> [Dataset entries]:
Content starts

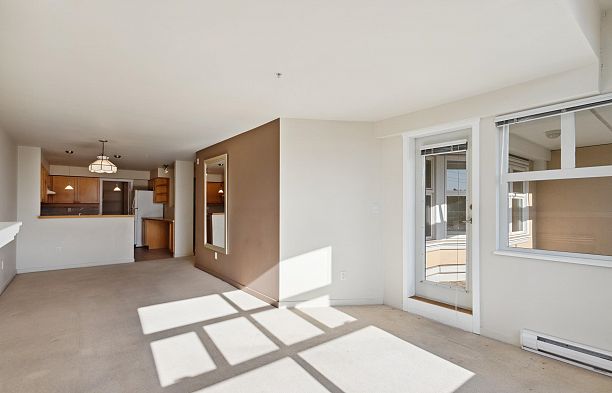 303 3580 W 41st Avenue Southlands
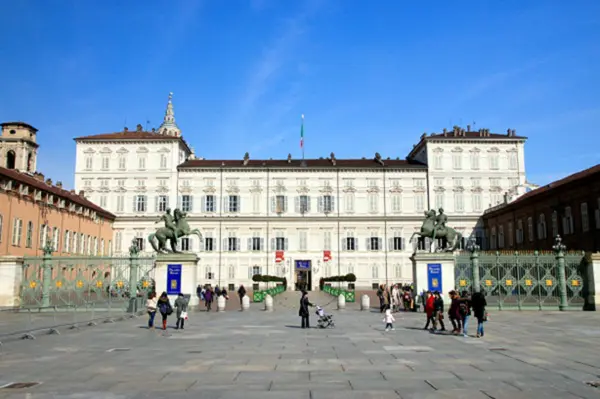 palazzo-reale-piazza-castello-turijn-3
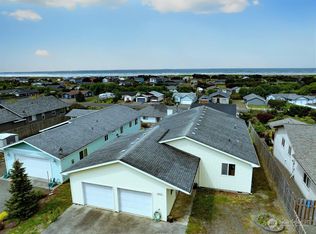 33015 J Pl, Ocean Park, WA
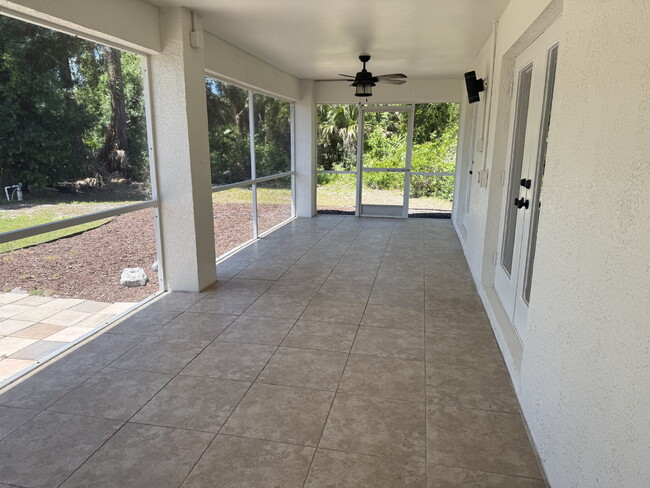 Building Photo - "3-Bedroom North Port Home!"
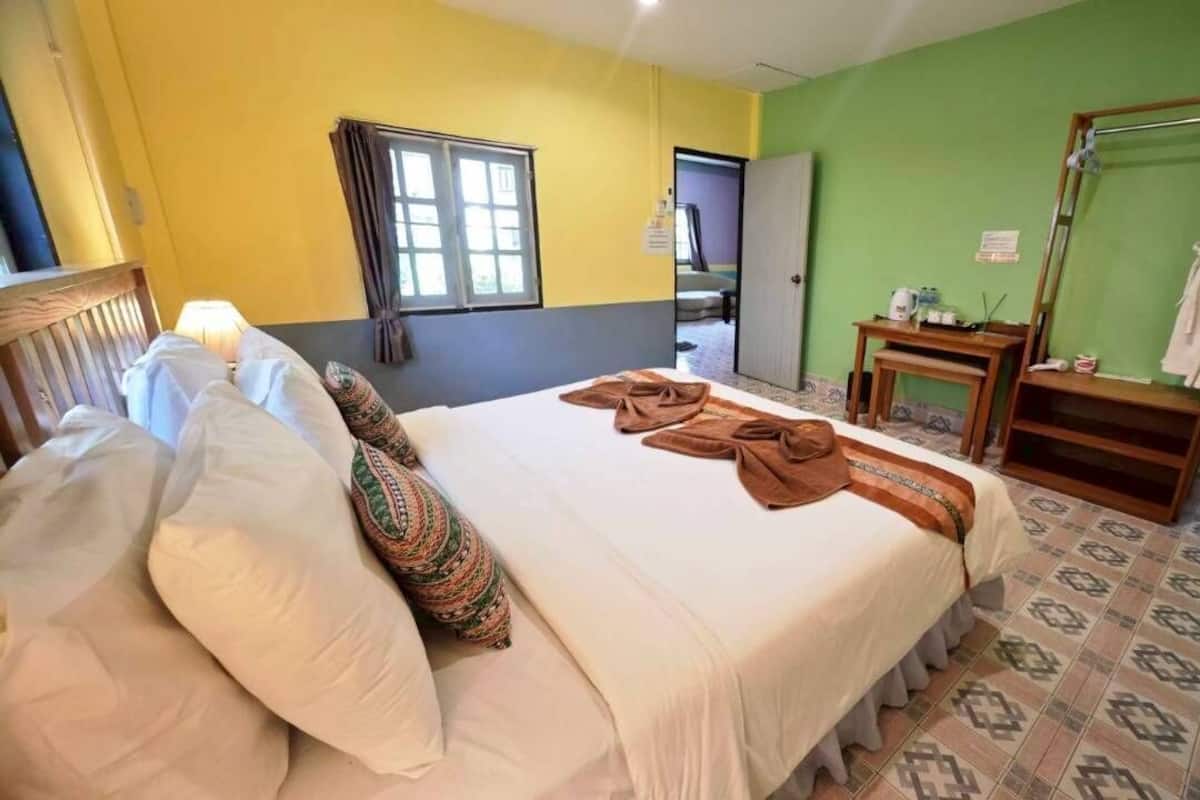 2-Bedroom Bungalow | Allergitestet sengetøy, safe på rommet, wi-fi (inkludert) og sengetøy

Content ends

> [What is being asked]: From the line that contains "33015 J Pl, Ocean Park, WA" to the last line of the records above, copy each line exactly, both ends included, and leave the pictures out.

> [Final answer]:
 33015 J Pl, Ocean Park, WA
 Building Photo - "3-Bedroom North Port Home!"
 2-Bedroom Bungalow | Allergitestet sengetøy, safe på rommet, wi-fi (inkludert) og sengetøy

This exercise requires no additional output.